I'm using HTML canvas to draw Line as shown in the following figure, but this line has an edges on the two sides of it.

As shown in the image the two edges are not perpendicular to the major line.
I tried the following sollutions but it didn't succeed:
* rotate the edges lines, but the rotation will transform them from the original position
* find the angle of the major line and then draw the lines with respect to the line, but this solution was not easy to implement (most likely i implement it wrongly).

this is my code but it will always draw vertical edges:

<!DOCTYPE html>
<html>
<body>

<canvas id="myCanvas" width="200" height="200" style="border:1px solid #d3d3d3;">

<script>

var c = document.getElementById("myCanvas");
var ctx = c.getContext("2d");

var x1 = 100;
var x2 = 150;
var y1 = 50;
var y2 = 120;

ctx.beginPath();
ctx.strokeStyle = "purple";  // Purple path
ctx.moveTo(x1,y1);
ctx.lineTo(x2,y2);            
ctx.stroke();  // Draw it

ctx.beginPath();
ctx.moveTo(x1,y1);
ctx.lineTo(x1,y1+10);
ctx.stroke();


ctx.restore();
ctx.beginPath();
ctx.moveTo(x1,y1);
ctx.lineTo(x1,(y1-10));
ctx.stroke();


ctx.beginPath();
ctx.moveTo(x2,y2);
ctx.lineTo(x2,y2+10);
ctx.stroke();


ctx.restore();
ctx.beginPath();
ctx.moveTo(x2,y2);
ctx.lineTo(x2,(y2-10));
ctx.stroke();


</script>
</body>
</html>

can anyone help me with rotating the two edges lines in order to become perpendicular to the major line. Thanks.

解决方案

Rotate any 2D vector 90deg

Perpendicular lines are simple to calculate if you remember the rotate 90deg rule for a 2D vector.

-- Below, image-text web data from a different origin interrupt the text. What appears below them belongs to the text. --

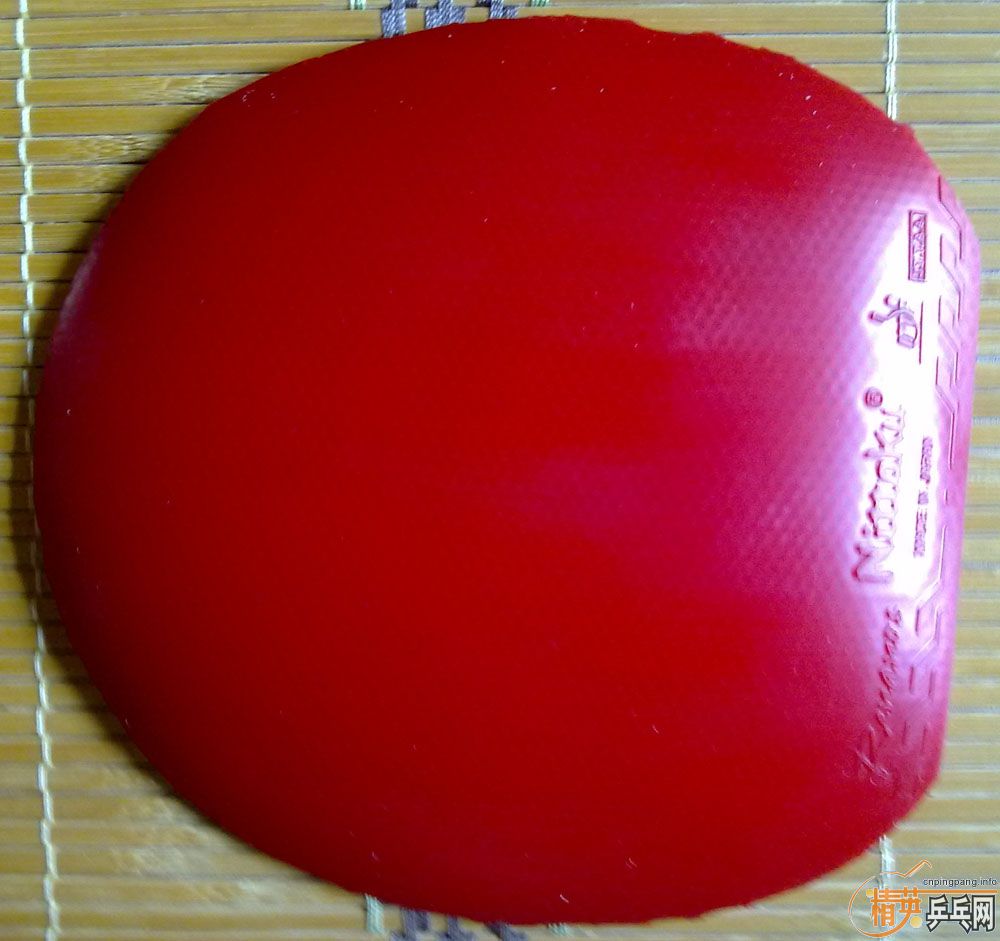 ֧�������������� X1  �쳵���� �������ϻ�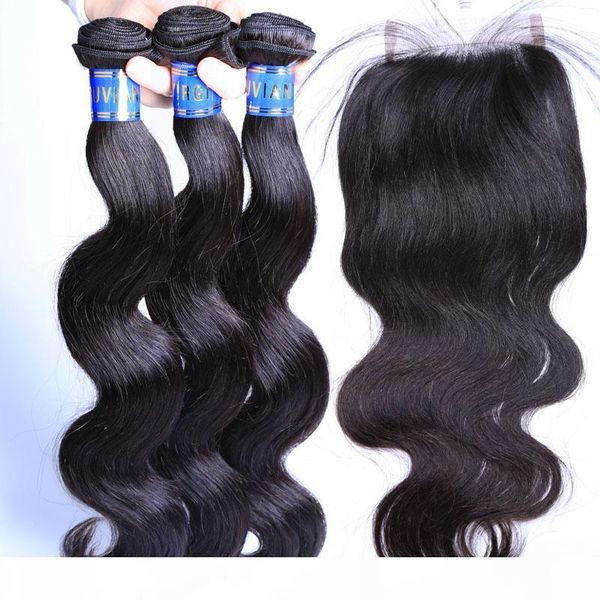 bd 2017 new selling virgin peruvian human hair within closure body wave human hair weaving, Black;brown
bd 2017 new selling virgin peruvian human hair within closure body wave human hair weaving, Black;brown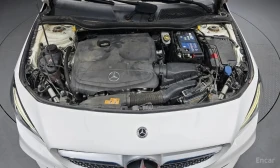 Mercedes-Benz CLA 220 AMG Line | АВТОФИНАНСИРАНЕ | ЦЕНА ДО БЪЛГАРИЯ, снимка 6
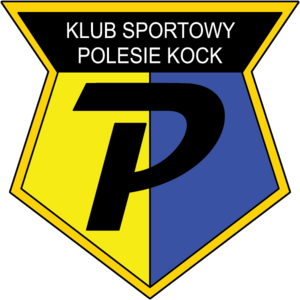 Polesie Kock Logo PNG Vector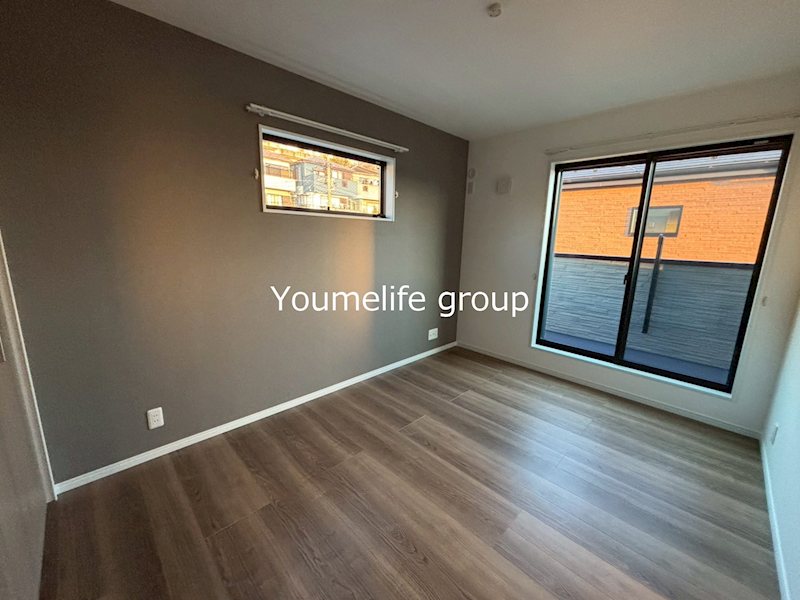 スペランツァA その他17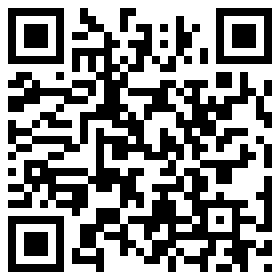 qrcode für Cisco MERAKI MS130-8 CLOUD MANAGED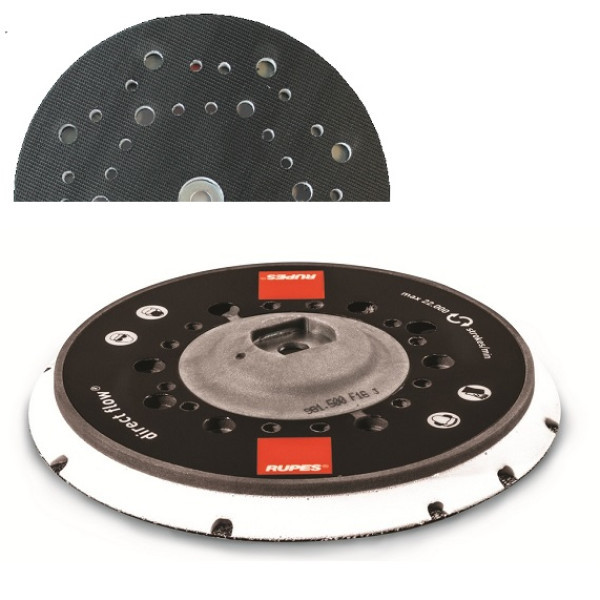 platorello-rupes-o-150-pneumatiche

A vector {x,y} can be rotated 90 deg clockwise {-y,x} or anti clockwise {y,-x}. Swap x and y and negate the y for clockwise or x of anti clock wise

So for a line segment x1,y1 to x2,y2 convert to a vector, normalise that vector and rotate 90 deg as follows

function getPerpOfLine(x1,y1,x2,y2){ // the two points can not be the same
    var nx = x2 - x1;  // as vector
    var ny = y2 - y1;
    const len = Math.sqrt(nx * nx + ny * ny);  // length of line
    nx /= len;  // make one unit long
    ny /= len;  // which we call normalising a vector
    return [-ny, nx]; // return the normal  rotated 90 deg
}

Then say you want to draw a 10 pixel line at the ends of the line segment

const canvas = document.createElement("canvas");
const ctx = canvas.getContext("2d");
document.body.append(canvas);
ctx.strokeStyle = "black";
ctx.lineJoin = ctx.lineCap = "round";
ctx.lineWidth = 3;

// the line segment
const x1 = 40, y1 = 40, x2 = 260, y2 = 110;
const endLen = 10; // length of end lines

var px = y1 - y2; // as vector at 90 deg to the line
var py = x2 - x1;
const len = endLen / Math.hypot(px, py);
px *= len;  // make leng 10 pixels
py *= len; 

// draw line the start cap and end cap.
ctx.beginPath();

ctx.lineTo(x1, y1);   // the line start
ctx.lineTo(x2, y2);
ctx.moveTo(x1 + px, y1 + py); // the start perp line
ctx.lineTo(x1 - px, y1 - py);
ctx.moveTo(x2 + px, y2 + py); // the end perp line
ctx.lineTo(x2 - px, y2 - py);
ctx.stroke();

Update

Simple solution to rendering content along a line, Uses the same 90deg rule.

There is an alternative method of rendering using the same vector rotation, but rather than set the perpendicular axis via vector multiplication, you set the y axis of the transform to 90deg from the x axis which is along the line. Set the origin to the start of the line and you simply render relative to the line.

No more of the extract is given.